▶ [What is required]: What is needed is an exact copy of every record.
Segment Start: Input
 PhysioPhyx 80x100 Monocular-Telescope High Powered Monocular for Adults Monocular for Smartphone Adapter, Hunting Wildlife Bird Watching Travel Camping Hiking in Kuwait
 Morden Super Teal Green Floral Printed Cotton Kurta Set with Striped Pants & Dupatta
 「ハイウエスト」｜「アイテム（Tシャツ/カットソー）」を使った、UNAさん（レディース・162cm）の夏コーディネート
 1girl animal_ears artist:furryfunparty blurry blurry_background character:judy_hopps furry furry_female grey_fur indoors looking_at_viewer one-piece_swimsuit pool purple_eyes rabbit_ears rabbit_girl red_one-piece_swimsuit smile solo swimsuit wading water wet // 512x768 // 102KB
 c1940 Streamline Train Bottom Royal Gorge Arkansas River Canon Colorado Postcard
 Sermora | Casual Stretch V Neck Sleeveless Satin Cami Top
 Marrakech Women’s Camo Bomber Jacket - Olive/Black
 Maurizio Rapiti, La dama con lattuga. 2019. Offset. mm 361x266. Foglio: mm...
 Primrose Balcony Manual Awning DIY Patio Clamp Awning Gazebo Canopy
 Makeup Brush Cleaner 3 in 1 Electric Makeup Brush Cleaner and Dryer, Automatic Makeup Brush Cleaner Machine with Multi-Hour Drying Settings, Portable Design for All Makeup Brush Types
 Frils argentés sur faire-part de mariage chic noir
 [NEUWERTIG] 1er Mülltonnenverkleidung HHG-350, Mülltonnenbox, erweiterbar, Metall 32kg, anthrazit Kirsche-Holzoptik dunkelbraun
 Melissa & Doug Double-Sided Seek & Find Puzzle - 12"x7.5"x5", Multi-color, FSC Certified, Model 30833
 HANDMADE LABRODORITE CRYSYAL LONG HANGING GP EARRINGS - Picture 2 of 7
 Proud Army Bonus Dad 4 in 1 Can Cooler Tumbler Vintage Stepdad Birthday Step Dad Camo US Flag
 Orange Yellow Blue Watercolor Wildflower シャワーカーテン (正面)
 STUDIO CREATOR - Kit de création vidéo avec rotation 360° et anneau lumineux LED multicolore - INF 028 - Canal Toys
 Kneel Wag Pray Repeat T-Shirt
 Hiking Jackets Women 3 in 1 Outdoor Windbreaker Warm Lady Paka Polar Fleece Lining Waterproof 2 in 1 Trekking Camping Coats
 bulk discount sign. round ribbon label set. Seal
Segment End: Input
▶ [Output below]:
 PhysioPhyx 80x100 Monocular-Telescope High Powered Monocular for Adults Monocular for Smartphone Adapter, Hunting Wildlife Bird Watching Travel Camping Hiking in Kuwait
 Morden Super Teal Green Floral Printed Cotton Kurta Set with Striped Pants & Dupatta
 「ハイウエスト」｜「アイテム（Tシャツ/カットソー）」を使った、UNAさん（レディース・162cm）の夏コーディネート
 1girl animal_ears artist:furryfunparty blurry blurry_background character:judy_hopps furry furry_female grey_fur indoors looking_at_viewer one-piece_swimsuit pool purple_eyes rabbit_ears rabbit_girl red_one-piece_swimsuit smile solo swimsuit wading water wet // 512x768 // 102KB
 c1940 Streamline Train Bottom Royal Gorge Arkansas River Canon Colorado Postcard
 Sermora | Casual Stretch V Neck Sleeveless Satin Cami Top
 Marrakech Women’s Camo Bomber Jacket - Olive/Black
 Maurizio Rapiti, La dama con lattuga. 2019. Offset. mm 361x266. Foglio: mm...
 Primrose Balcony Manual Awning DIY Patio Clamp Awning Gazebo Canopy
 Makeup Brush Cleaner 3 in 1 Electric Makeup Brush Cleaner and Dryer, Automatic Makeup Brush Cleaner Machine with Multi-Hour Drying Settings, Portable Design for All Makeup Brush Types
 Frils argentés sur faire-part de mariage chic noir
 [NEUWERTIG] 1er Mülltonnenverkleidung HHG-350, Mülltonnenbox, erweiterbar, Metall 32kg, anthrazit Kirsche-Holzoptik dunkelbraun
 Melissa & Doug Double-Sided Seek & Find Puzzle - 12"x7.5"x5", Multi-color, FSC Certified, Model 30833
 HANDMADE LABRODORITE CRYSYAL LONG HANGING GP EARRINGS - Picture 2 of 7
 Proud Army Bonus Dad 4 in 1 Can Cooler Tumbler Vintage Stepdad Birthday Step Dad Camo US Flag
 Orange Yellow Blue Watercolor Wildflower シャワーカーテン (正面)
 STUDIO CREATOR - Kit de création vidéo avec rotation 360° et anneau lumineux LED multicolore - INF 028 - Canal Toys
 Kneel Wag Pray Repeat T-Shirt
 Hiking Jackets Women 3 in 1 Outdoor Windbreaker Warm Lady Paka Polar Fleece Lining Waterproof 2 in 1 Trekking Camping Coats
 bulk discount sign. round ribbon label set. Seal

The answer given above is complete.